- _Task to carry out_: Your task is to restate word for word the lines in the material below, from the one with "Dorm/Apartment Essentials-Lots Of Items" up to and including the one with "Level 48 icon". Do not carry over the pictures.

- _The records_:
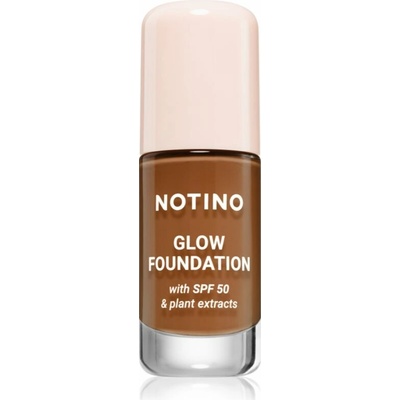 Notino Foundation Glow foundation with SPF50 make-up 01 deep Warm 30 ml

--

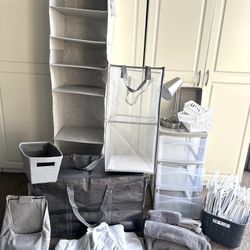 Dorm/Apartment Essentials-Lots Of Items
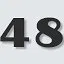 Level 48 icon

- _Answer to this exercise_:
 Dorm/Apartment Essentials-Lots Of Items
 Level 48 icon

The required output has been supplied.